▸ **Task item**
Entries below include pictures. Output exactly the lines from the one with "Ik hou van Crash" down to the one with "Chanel CC Enchained Accordion Flap Bag", both ends included, and leave the pictures out.

▸ **Raw data**

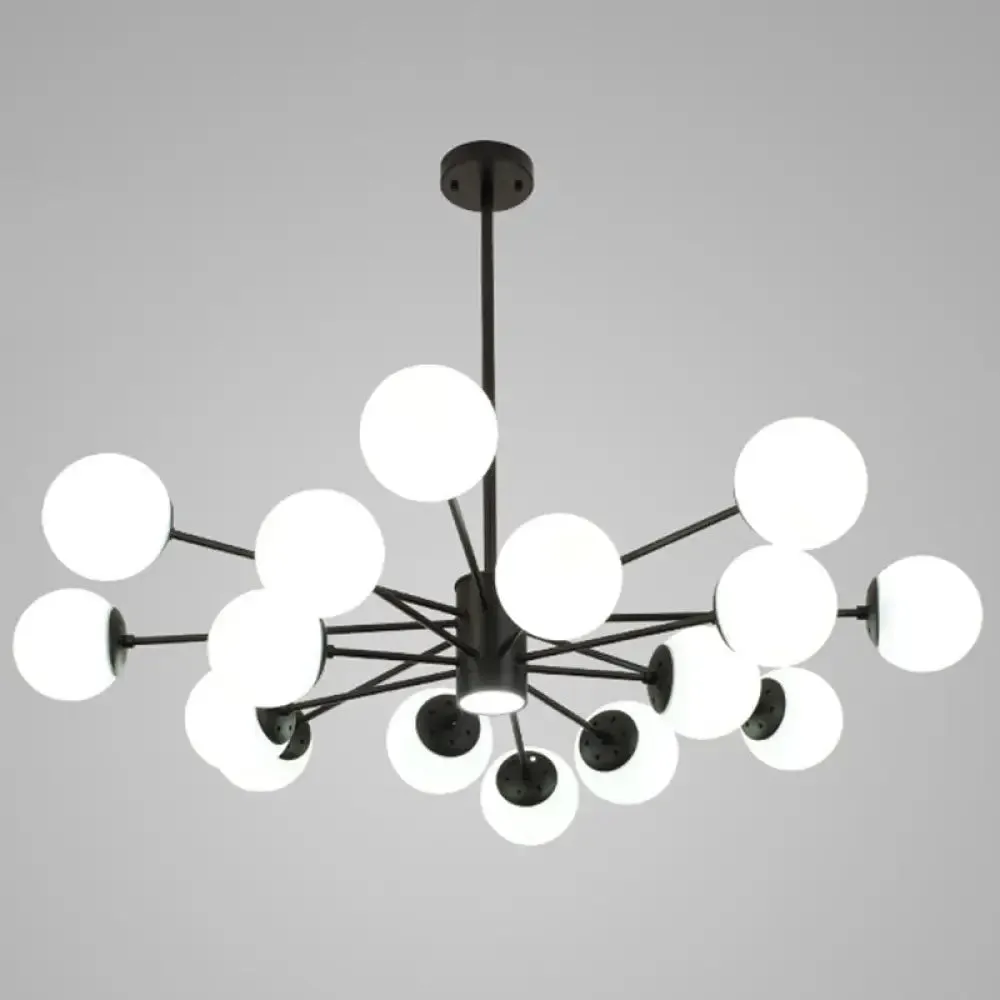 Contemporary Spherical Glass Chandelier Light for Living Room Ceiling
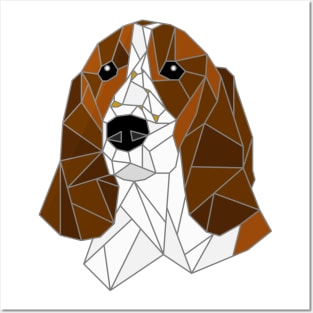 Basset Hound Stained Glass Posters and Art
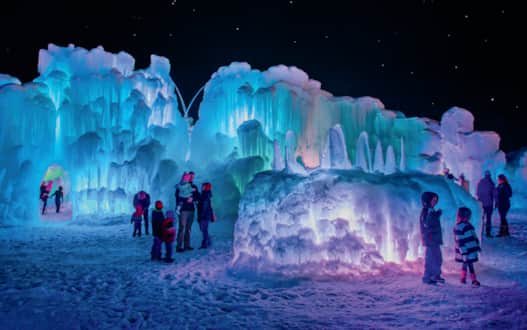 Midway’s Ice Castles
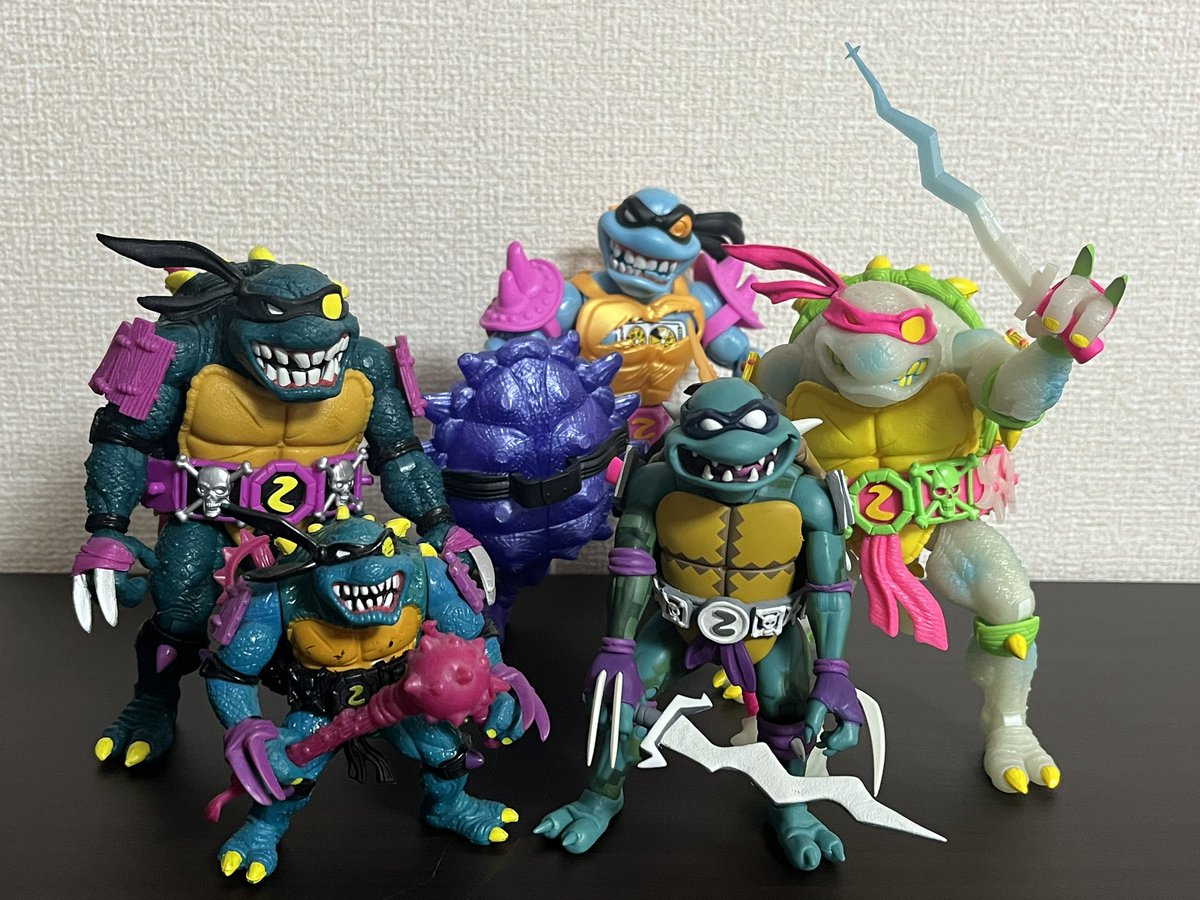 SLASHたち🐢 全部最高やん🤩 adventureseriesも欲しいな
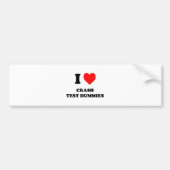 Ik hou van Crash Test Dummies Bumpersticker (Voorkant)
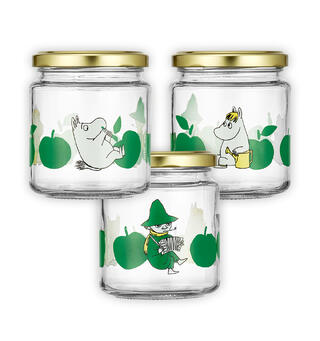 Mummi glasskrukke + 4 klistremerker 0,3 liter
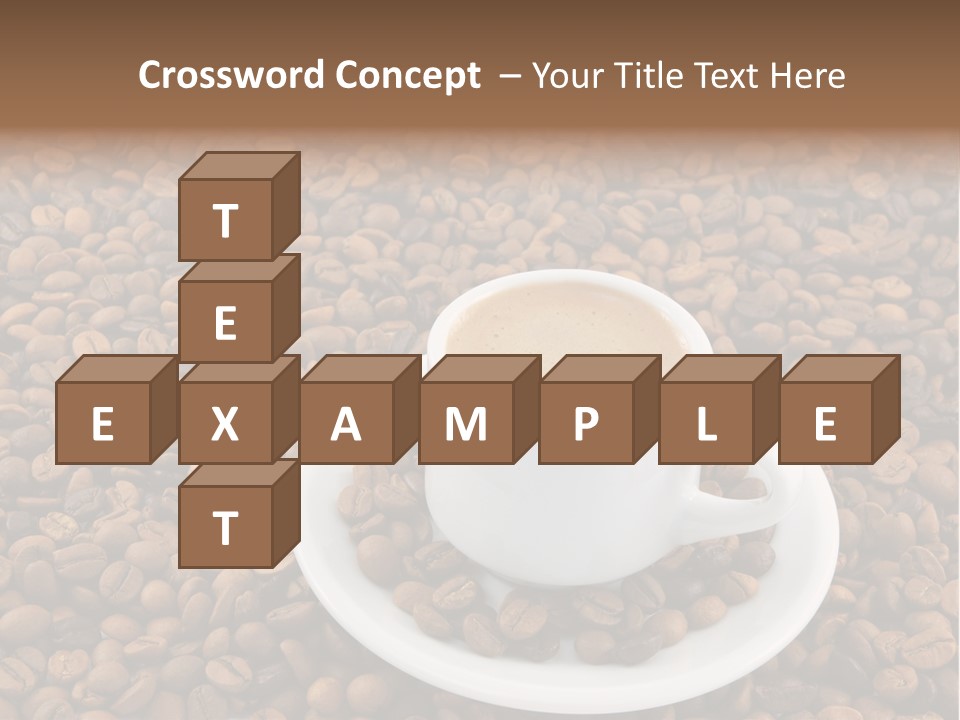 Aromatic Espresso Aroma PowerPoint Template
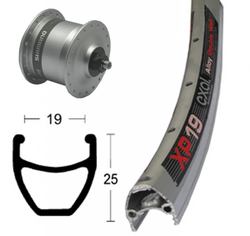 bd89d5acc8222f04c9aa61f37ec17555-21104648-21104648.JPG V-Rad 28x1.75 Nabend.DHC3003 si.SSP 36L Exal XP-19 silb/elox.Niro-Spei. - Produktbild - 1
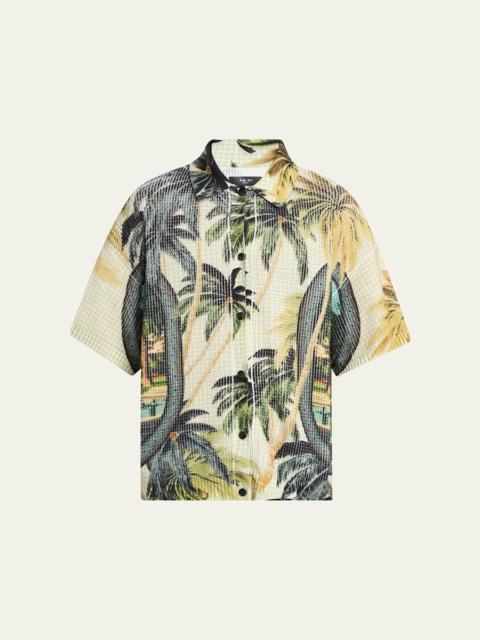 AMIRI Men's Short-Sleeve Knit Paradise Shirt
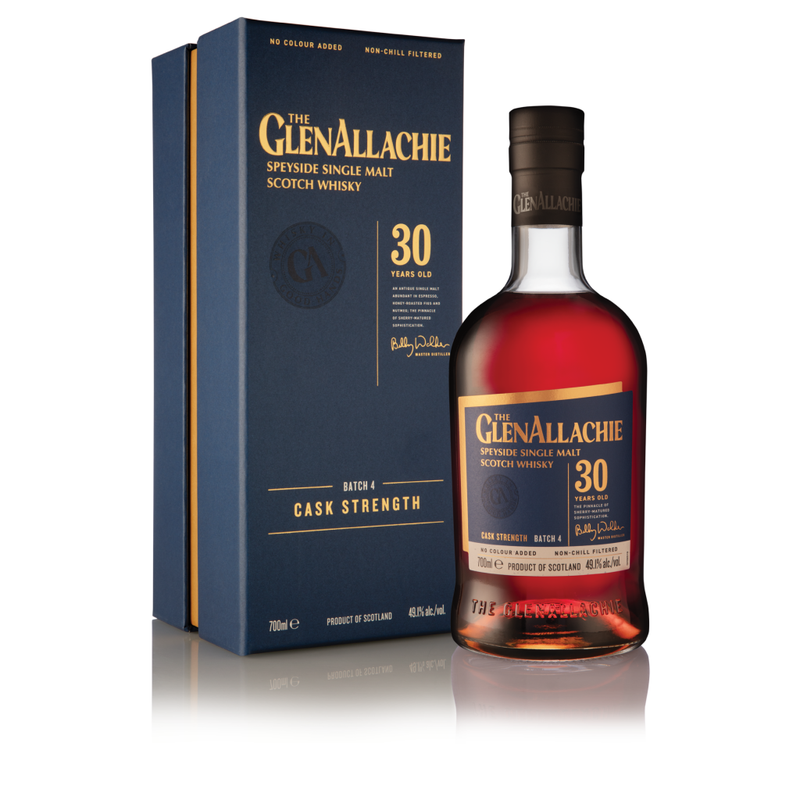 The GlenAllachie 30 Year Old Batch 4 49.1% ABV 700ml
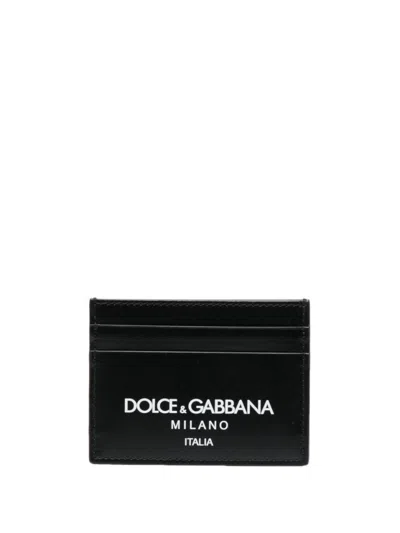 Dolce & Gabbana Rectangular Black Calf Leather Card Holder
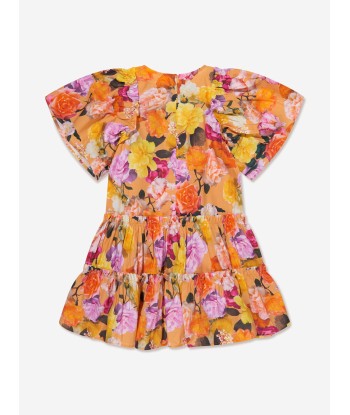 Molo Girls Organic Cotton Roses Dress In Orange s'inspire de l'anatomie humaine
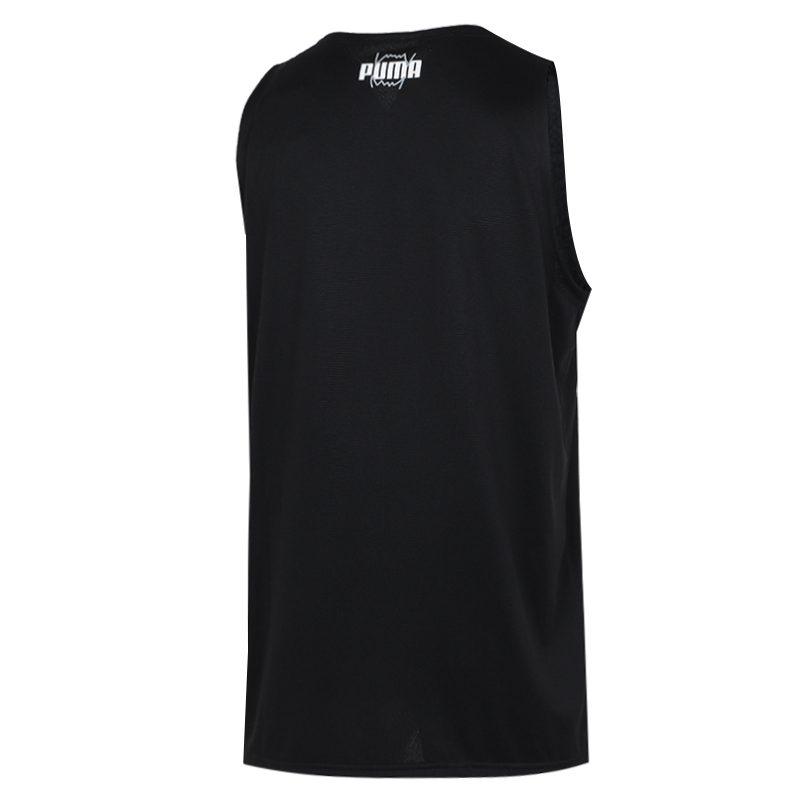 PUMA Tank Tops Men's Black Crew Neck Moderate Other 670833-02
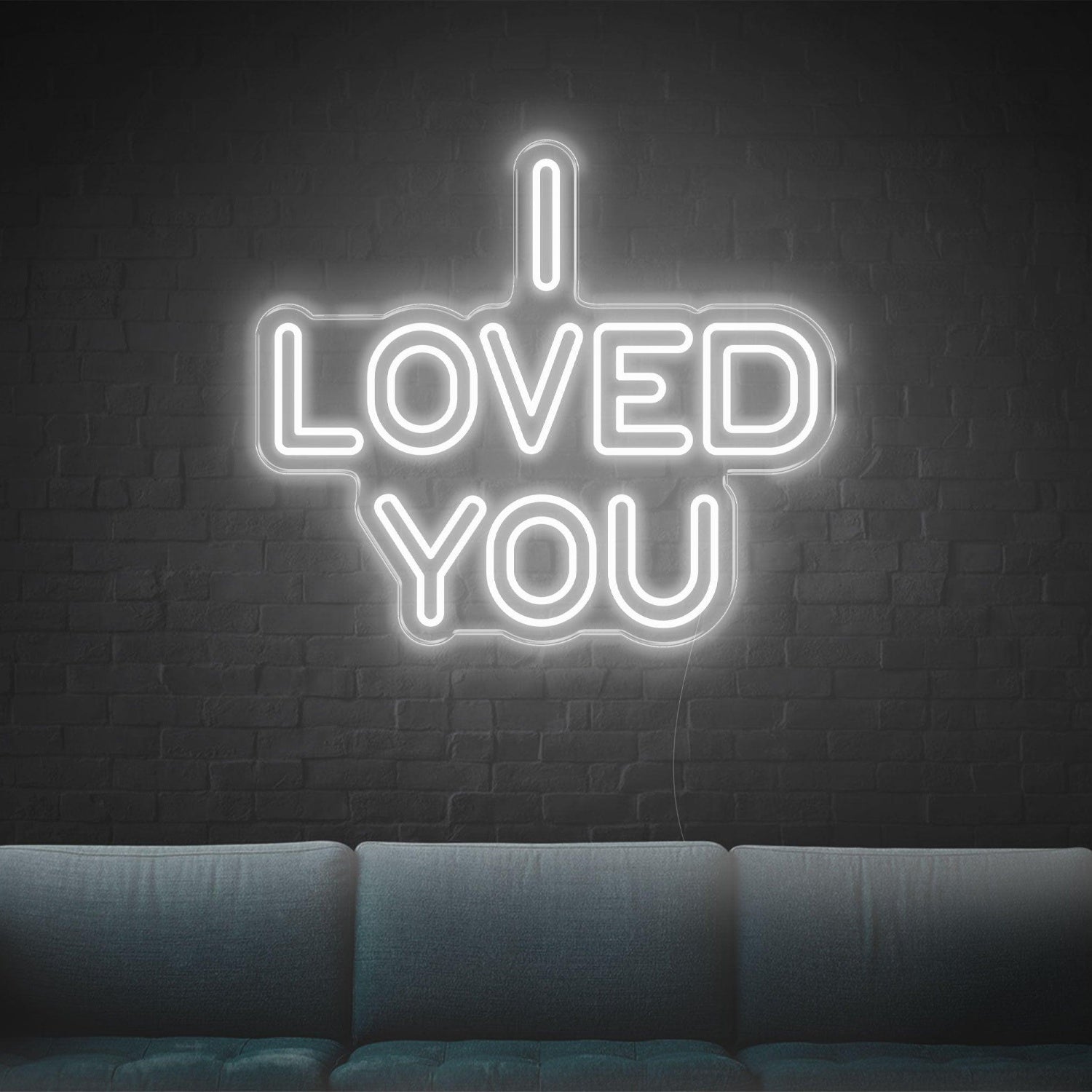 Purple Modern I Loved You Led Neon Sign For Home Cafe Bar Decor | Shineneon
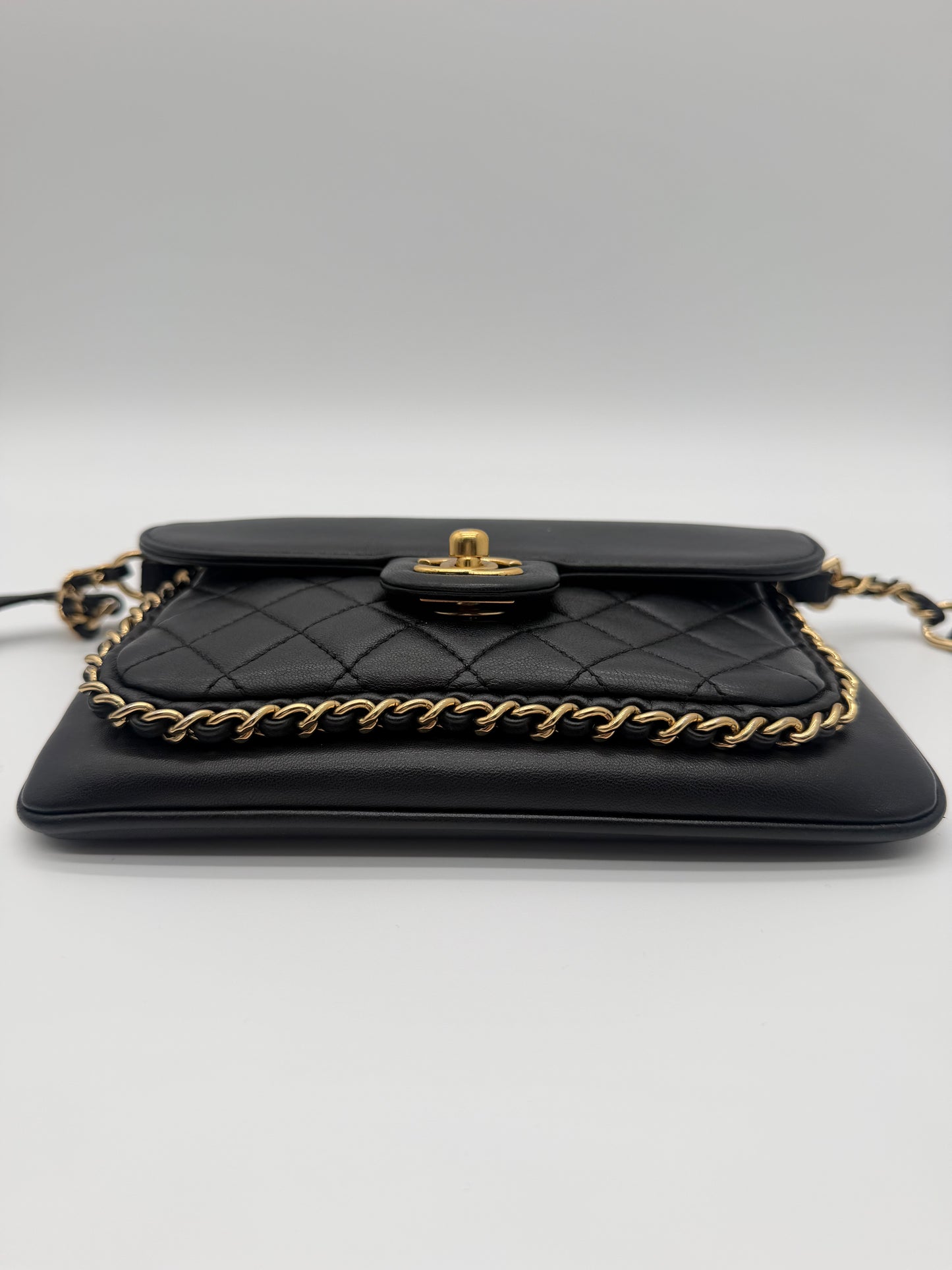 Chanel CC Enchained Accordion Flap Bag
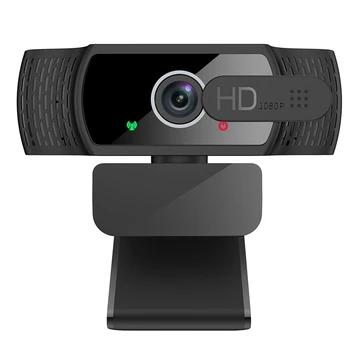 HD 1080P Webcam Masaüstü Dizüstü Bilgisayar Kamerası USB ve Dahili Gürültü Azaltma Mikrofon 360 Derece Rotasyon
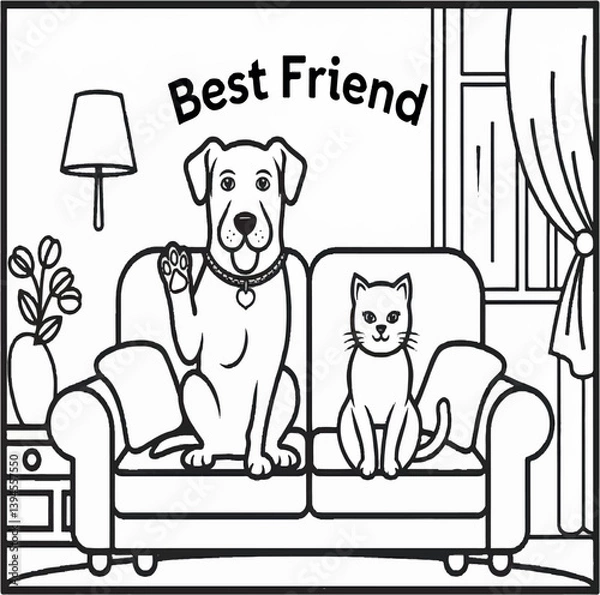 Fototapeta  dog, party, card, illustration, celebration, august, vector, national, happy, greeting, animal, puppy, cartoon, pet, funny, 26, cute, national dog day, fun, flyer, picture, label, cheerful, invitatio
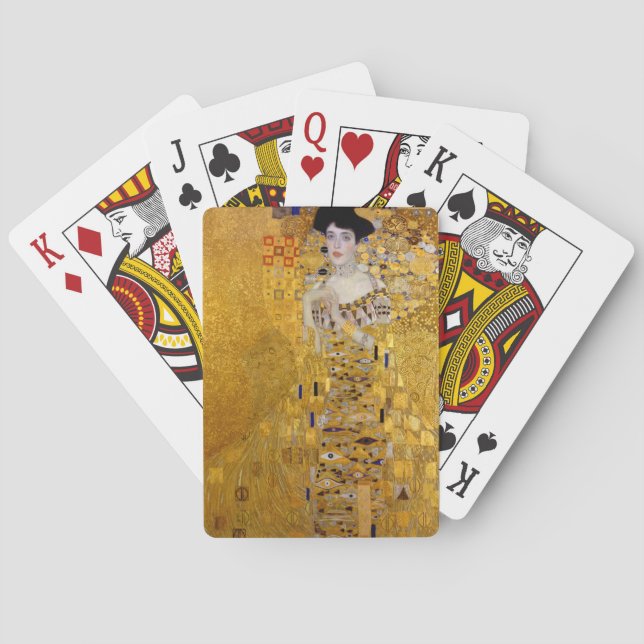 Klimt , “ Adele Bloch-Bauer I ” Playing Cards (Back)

▸ **Answer to this exercise**
 Ik hou van Crash Test Dummies Bumpersticker (Voorkant)
 Mummi glasskrukke + 4 klistremerker 0,3 liter
 Aromatic Espresso Aroma PowerPoint Template
 bd89d5acc8222f04c9aa61f37ec17555-21104648-21104648.JPG V-Rad 28x1.75 Nabend.DHC3003 si.SSP 36L Exal XP-19 silb/elox.Niro-Spei. - Produktbild - 1
 AMIRI Men's Short-Sleeve Knit Paradise Shirt
 The GlenAllachie 30 Year Old Batch 4 49.1% ABV 700ml
 Dolce & Gabbana Rectangular Black Calf Leather Card Holder
 Molo Girls Organic Cotton Roses Dress In Orange s'inspire de l'anatomie humaine
 PUMA Tank Tops Men's Black Crew Neck Moderate Other 670833-02
 Purple Modern I Loved You Led Neon Sign For Home Cafe Bar Decor | Shineneon
 Chanel CC Enchained Accordion Flap Bag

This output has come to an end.